Homeless and dependable

I walk under the freeway to get to Office Job from my parking structure four days a week.  Half the time there’s a homeless man who has taken up residence on a street corner that I frequent on my jaunt to work.  When it rains he goes under the freeway to stay dry, takes out the big sheet of semi-transparent plastic he keeps his stuff under, and hides under it himself.  I’m not sure if he does this to make sure he doesn’t get wet (despite the fact that the freeway does a stellar job of this already), or to stay warm.

I pay special attention to homeless people, having spent every Friday for six years (middle school and high school) serving at a soup kitchen.  I’ve become somewhat fascinated with the homeless people I see on a regular basis, most of whom have some kind of mental defect.  I watch them, hoping to figure out the oddly logical justification for their strange behavior.  This man in particular seems very organized.  I have never seen him so much as make eye contact with anyone, let alone ask for money (or even speak for that matter).  He never stands completely erect, and is very much in his own mind, which is  in and of itself, kind of fascinating.  I wonder what he thinks about.  I wonder why he seeks refuge under that thick sheet of plastic while the freeway keeps him dry.

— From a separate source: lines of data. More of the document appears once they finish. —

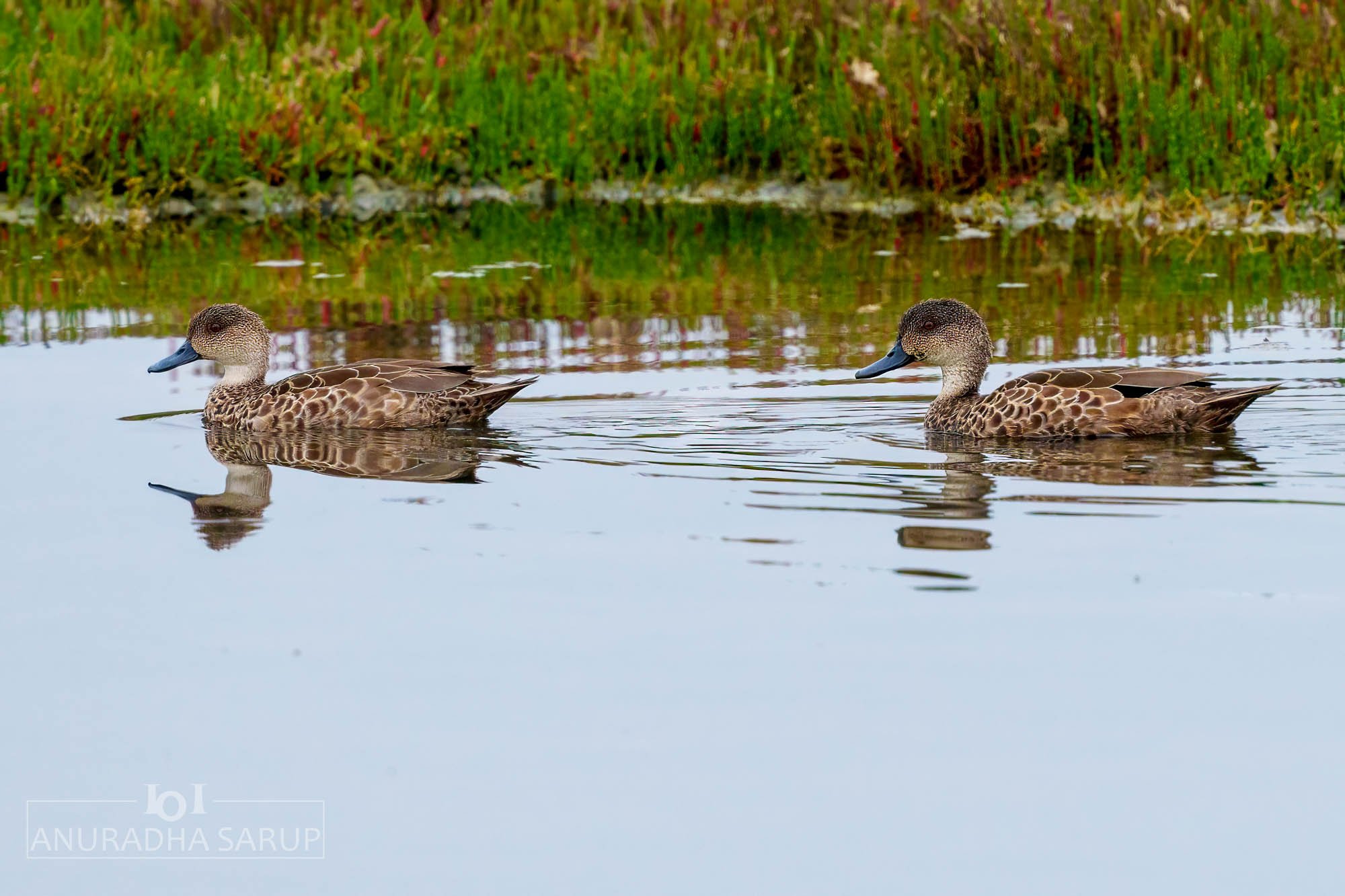 Grey teal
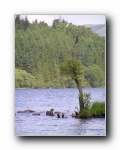 Loch Eck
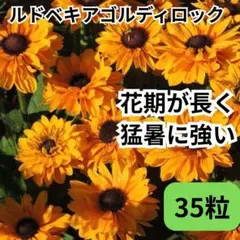 ルドベキア ゴルディロック 種 35粒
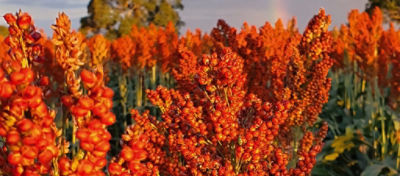 Saiba o que é sorgo, o quinto cereal mais produzido no mundo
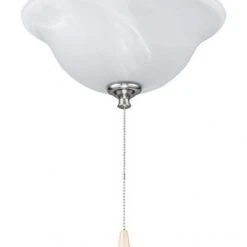 Flash Sale 👏 Patriot Lighting® White Swirled Marble Bowl LED Ceiling Fan Light 🎁
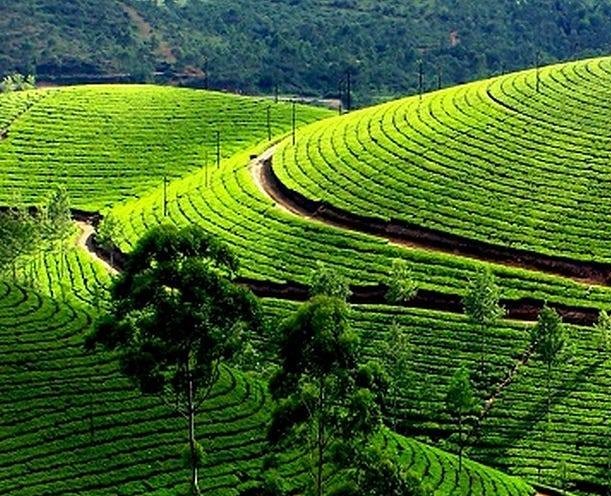 Kerala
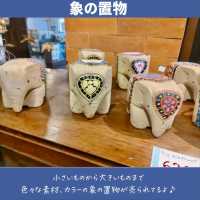 【タイ】絶対買いたい！かわいい雑貨
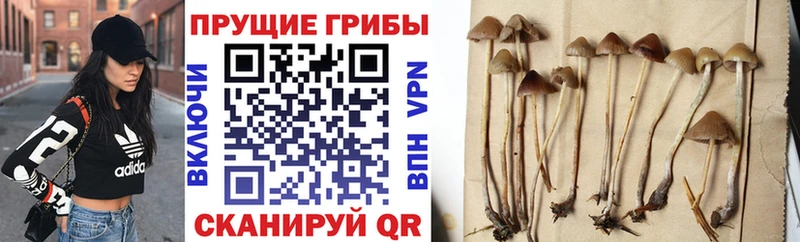 даркнет клад  Пласт  Псилоцибиновые грибы MAGIC MUSHROOMS  наркошоп 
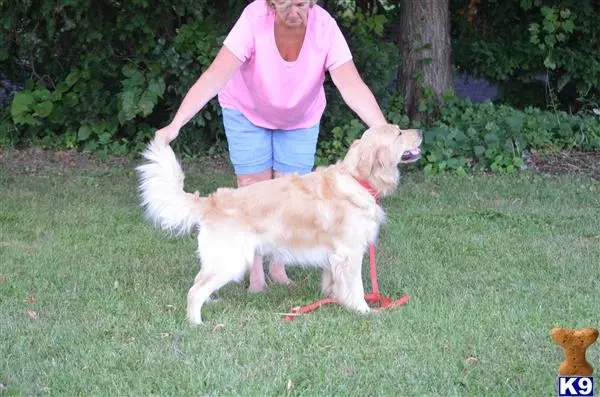 Golden Retriever stud dog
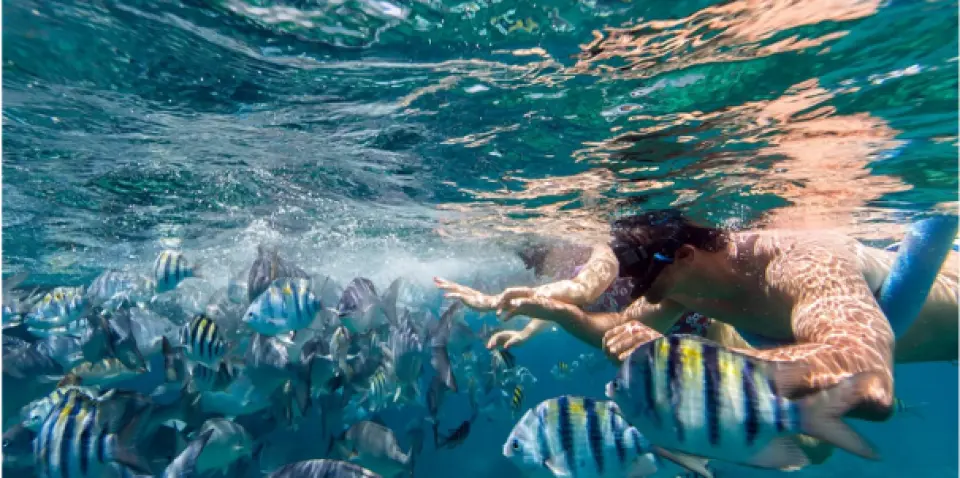 푸꾸옥의 아름답고 맑은 바다에서 두 명의 스노클러가 조밀한 물고기 떼 사이를 헤엄치며 활기찬 수중 생태계를 즐기는 모습.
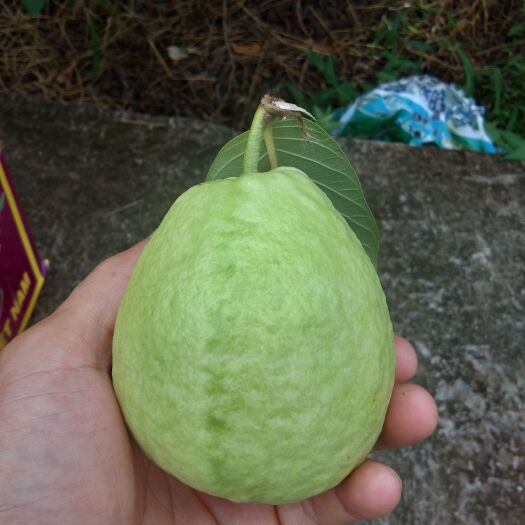 元江县套袋番石榴，亚热带哀牢山雨林，露天种植，口感自然脆甜。
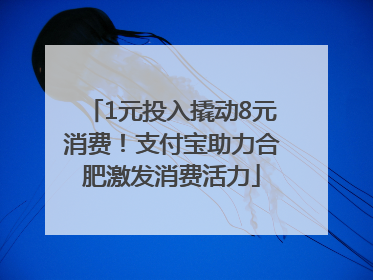 1元投入撬动8元消费！支付宝助力合肥激发消费活力
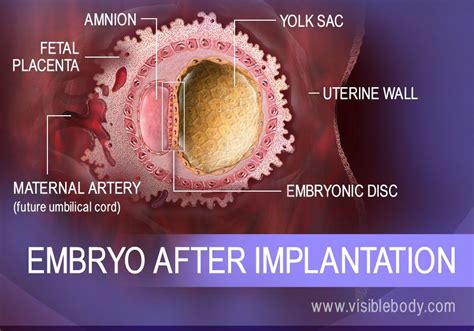 2 The Zygote Becomes An Embryo Development Prior To And During Implantation Embryonic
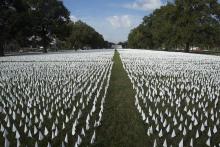 A temporary memorial for the victims of COVID-19 is seen near the armory in Washington Oct. 23. Each day the artist adds new flags to the installation as the death toll rises. As of Oct. 29, about 228,000 Americans have died from the disease. (CNS/Tyler O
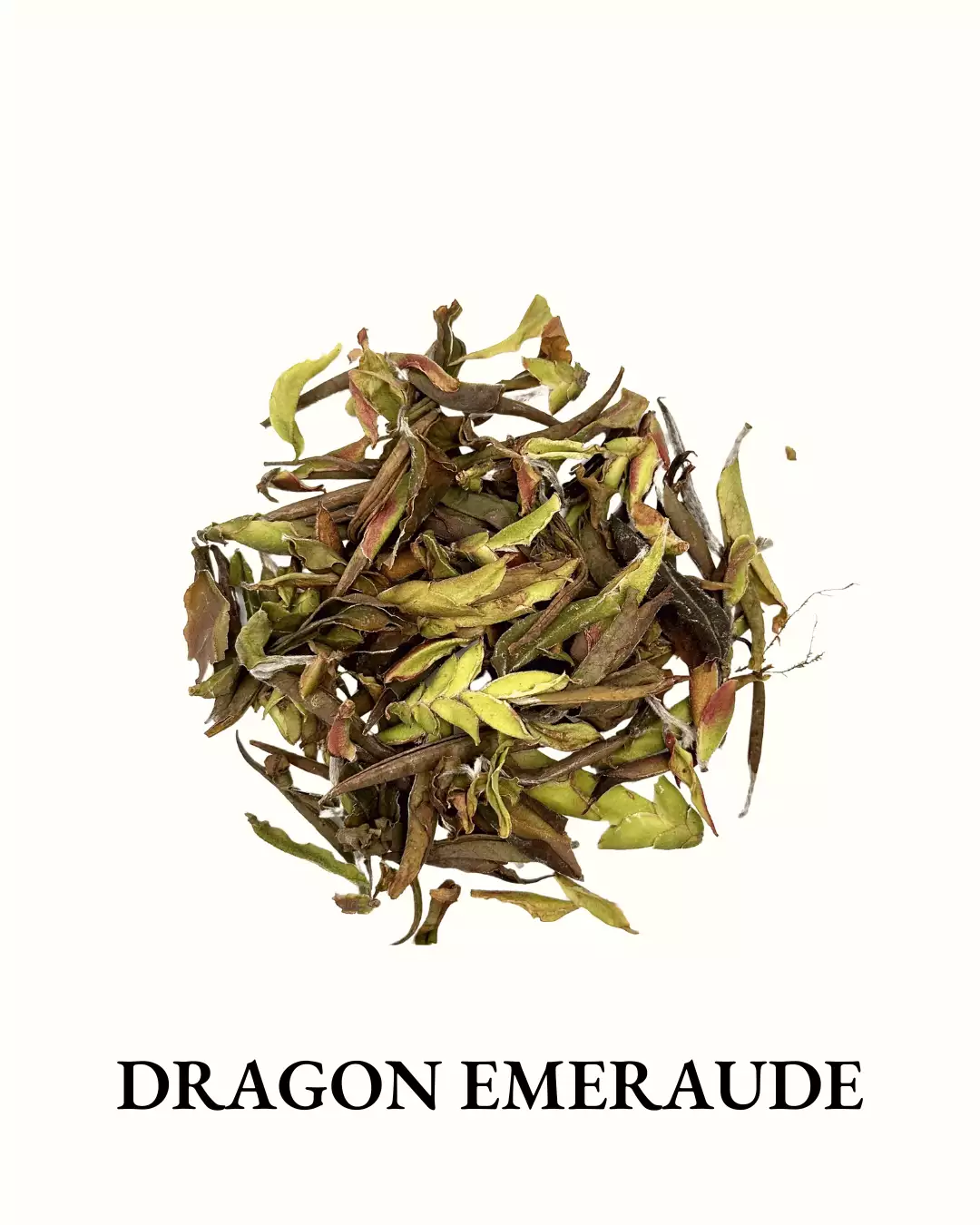 Dragon Emeraude 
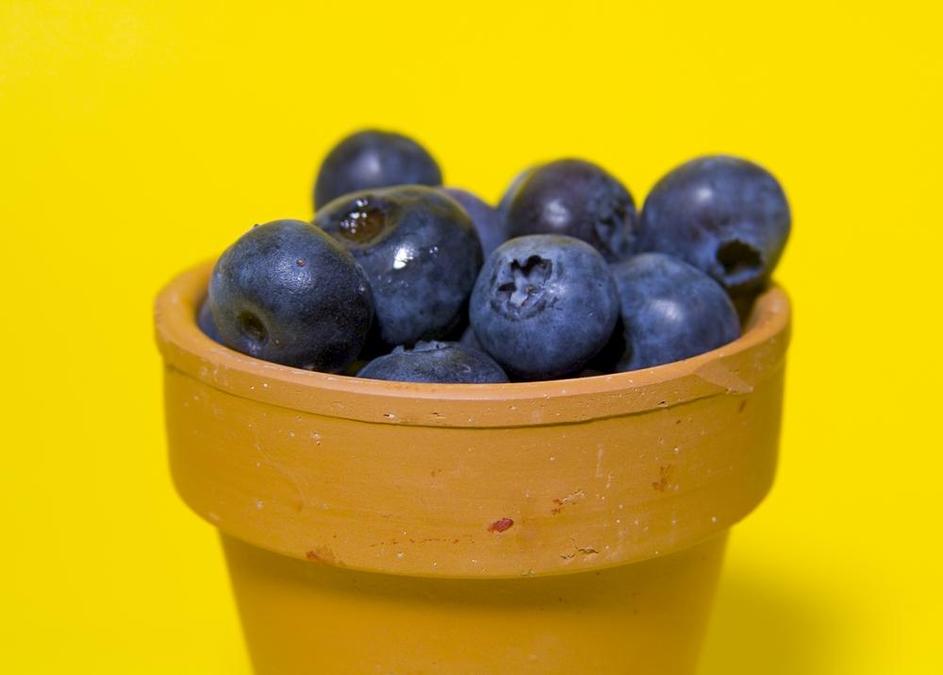 Borovnice spadajo med super živila. (Foto: Shutterstock)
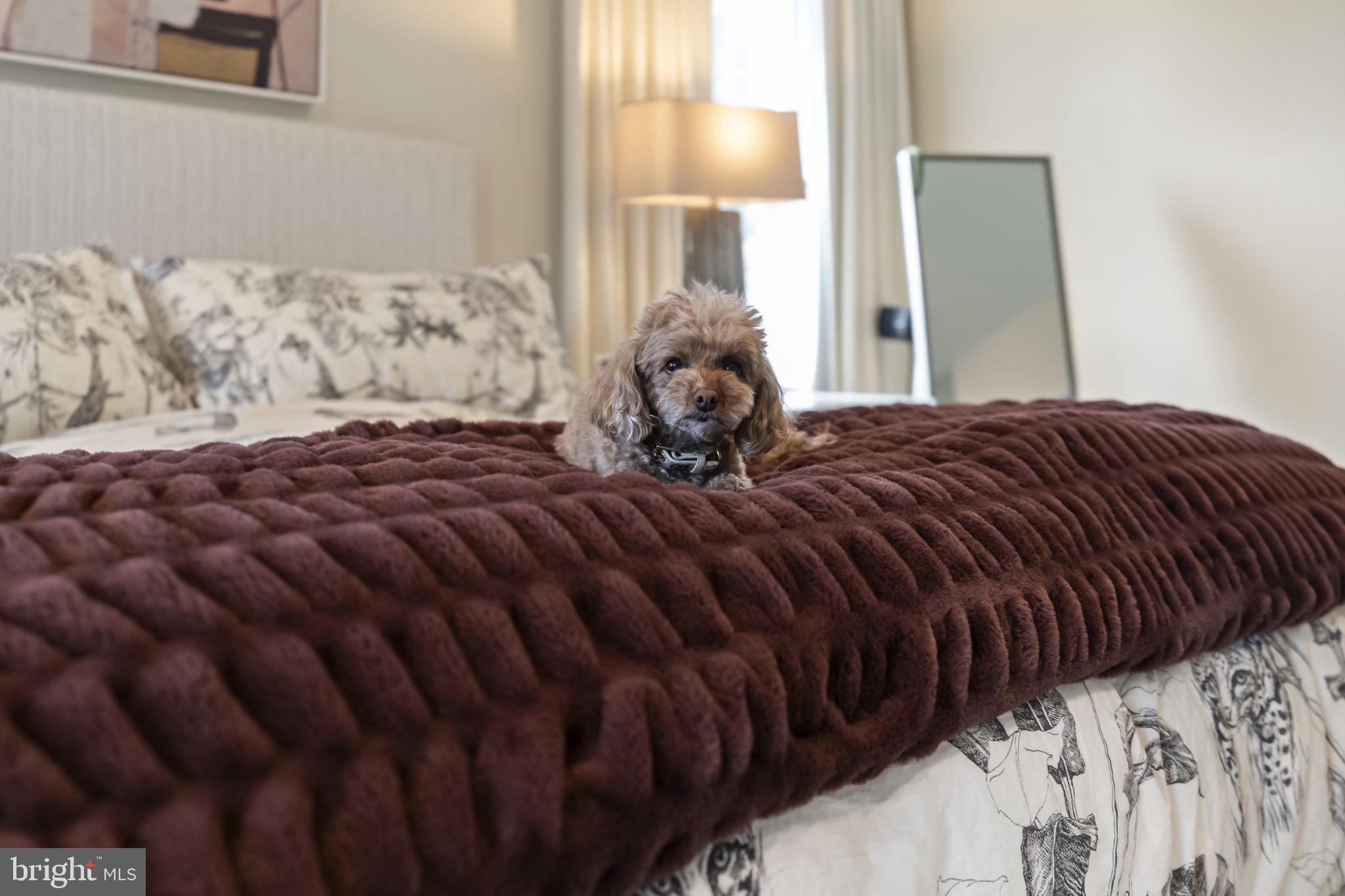 THE RIDINGS OF WHI - Residential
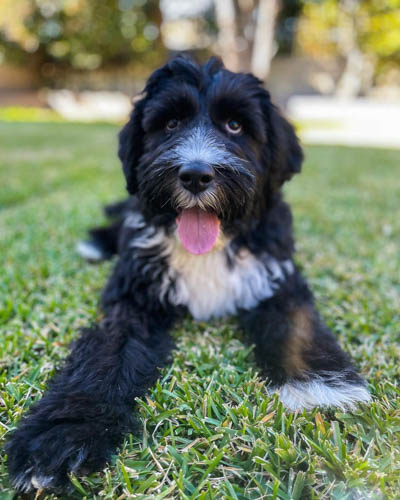 old-english-sheepdog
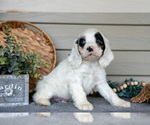 Small #3 Cocker Spaniel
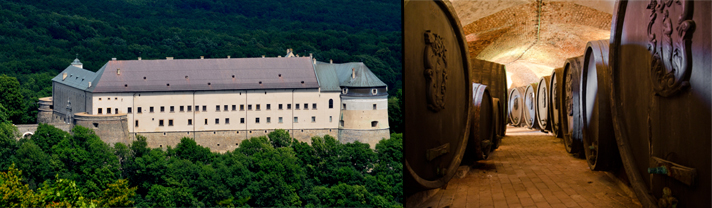 Small Carpathian Wine Tour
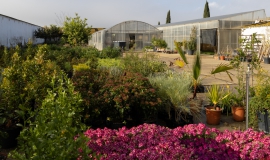 plantación flores de primavera huelva
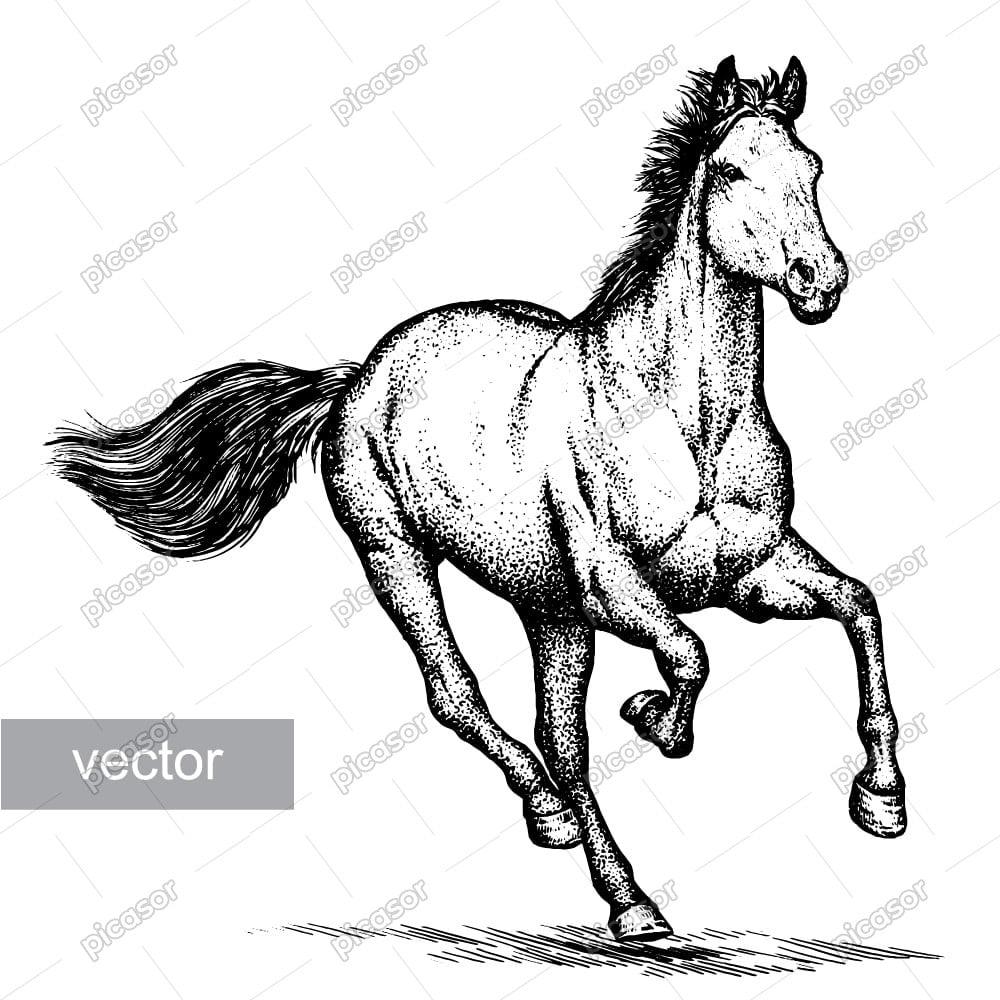 وکتور نقاشی اسب در حال دویدن وکتور نقاشی اسب در حال دویدن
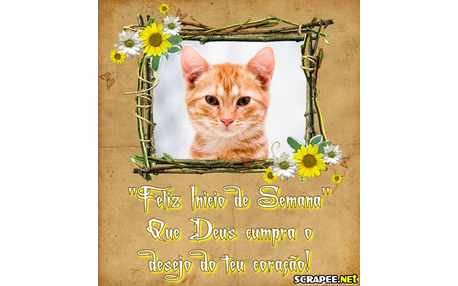 Moldura - Realizacoes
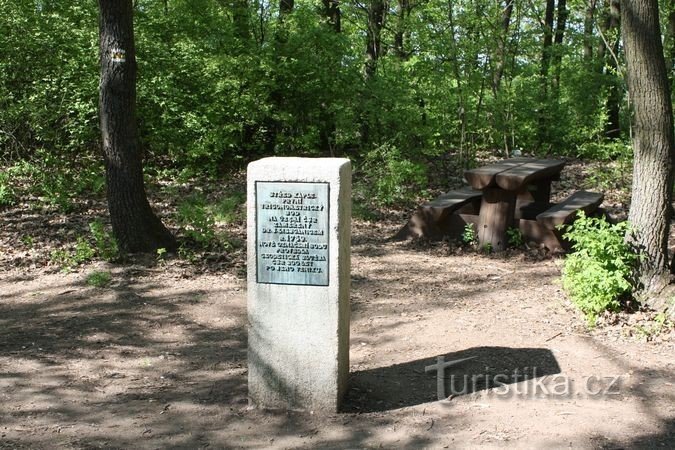 Tree - memorial stone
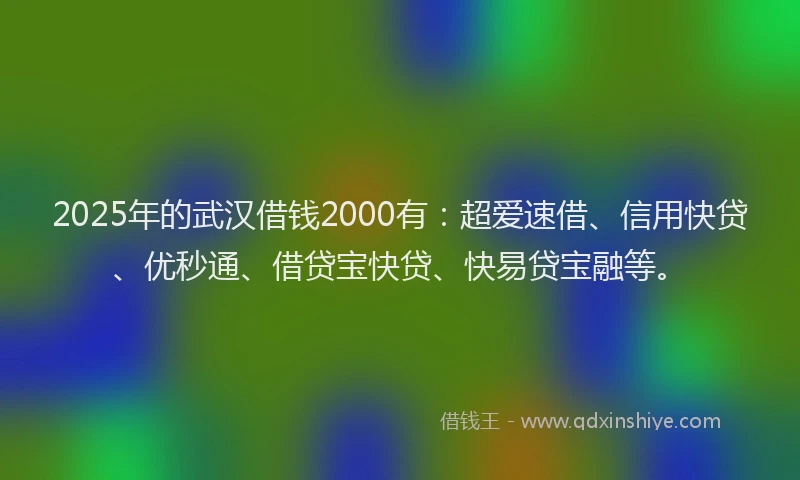 2025年的武汉借钱2000有：超爱速借、信用快贷、优秒通、借贷宝快贷、快易贷宝融等。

Today it rained.  Per usual, he was under the freeway and wrapped in plastic.  Per usual, the visual he creates freaked me out a little.

amorphous blob incoming

To the untrained eye, he looks like a trashcan whose bag has been blown out of the can by heavy winds.

wait... is it... moving?

But those of us who take this route during the cold season know better; it is alive, and it is a man.

does he... see me?

I’m never really sure if he sees the people who walk past him, if he’s paying attention to them, or if he’s focusing on something else.

omg there really is a person under there

The first time I saw him under there, I didn’t know it was a person.  It wasn’t until I was dangerously close that I figured out he was under there and by then it was too late.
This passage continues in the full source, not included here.